Teachers can eliminate ‘dead time’ in the classroom by using creative tools and activities that allow students to learn through tapping into multiple intelligences. In this month’s Ilm o Amal, TRC staff explores various strategies you can use in the classroom to engage your students.
Often when the teacher is engaged in a monologue on a subject, students will tend to drift off and the whole classroom will end up losing valuable class time. This is true of people regardless of their ages. When people are not captivated by what is going on in the classroom, they will focus on something else that interests them.
Unless the teacher is able to capture and keep the students’ focus, children are just not able to learn at an optimal level. And every experienced teacher knows how contagious lack of engagement can be. Because when students figure out that their neighbour are not listening, their immediate reaction is ‘Why should I?’
Competent teachers understand the value of minimizing dead time in the classroom and instead focusing on keeping students thoroughly (and happily) engaged. If you want engaged learners, there is no alternative to listening actively and doing.
Once your students learn about these activities, they will look forward to them. You can use the following 5 activities at the beginning of a class to wind down the students or at any other time during class energize and wake them up.
Here are a few strategies you can start using in your classroom.
1. Movement: one of the best ways to blast dead time is to ask the students to participate in some synchronized physical movements. The students do not have to move from their seats. Just ask them to stand up, or keep sitting and snap their fingers or clap to a rhythm. The rhythm can be a set of facts. They can also stomp their feet. You can create a rhythm and with your fingers, hands or feet and get the children to echo it back to you. Any physical routine that you use can work well in the classroom and engage your students.
2. Mind Warm-Up: A fun way of engaging the class is to put up some course related content on the board and ask students to pick out the mistakes in it. This may not work as well, if the students work by themselves. Instead ask the students to work collaboratively, in teams to find the mistakes and this activity will work well. End the activity by asking the teams to raise their fingers to tell you how many mistakes they found and the team with the highest number gets to explain how they got the answer.

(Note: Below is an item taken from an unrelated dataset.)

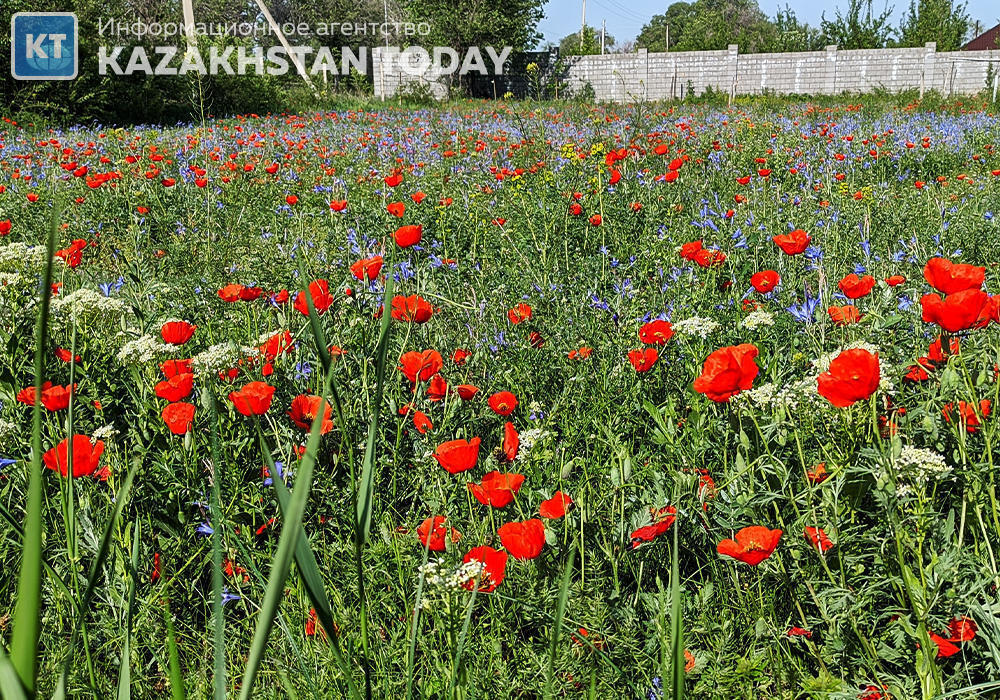 The beauty of spring fields in Almaty region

3. Teach Teamwork: Before a project starts, it helps to teach students to work in teams and understand the value of collaboration. You can teach your students to collaborate, by getting them to build a free standing paper tower. This is not a subject-related activity, but doing it with your students will teach them about teamwork. This exercise can be done simply using just 5 sheets of paper, some tape and if you want to make it more challenging, ask them to balance a ball on top of the tower once it is standing. You can do this activity by asking some of the students to be bystanders and give feedback to the ones building the tower. Be sure to train them to give positive feedback before the negative.
4. Student Reflection: If you feel that the students’ interest is waning during a presentation or when you want students to settle down after an activity, get them to quickly do a short exercise that quickly anchors them back to the content of that day’s lesson. Depending on the grade level, you can ask questions like, ‘What did you find most interesting about (the subject)? What is most confusing about the subject? What was most boring? What question could I ask about this in the exam? ‘Write a quick summary about what you have learnt.” Have the students quickly reflect and jot down their answers in a notebook.
They can give their answers in one or a few sentences, which you may want to check once a week.
5. Use Chits: Keep chits with every student’s name and pull them out when you want someone to speak up or respond to a question. This will help struggling students to feel part of the classroom. However before using this strategy make sure your classroom is a safe and supportive environment where students will not be ridiculed for getting an answer wrong.
Experienced and wise teachers understand that it is worth investing the time to develop these strategies in order to kill dead time, because in the long run it will pay off when it comes to classroom management.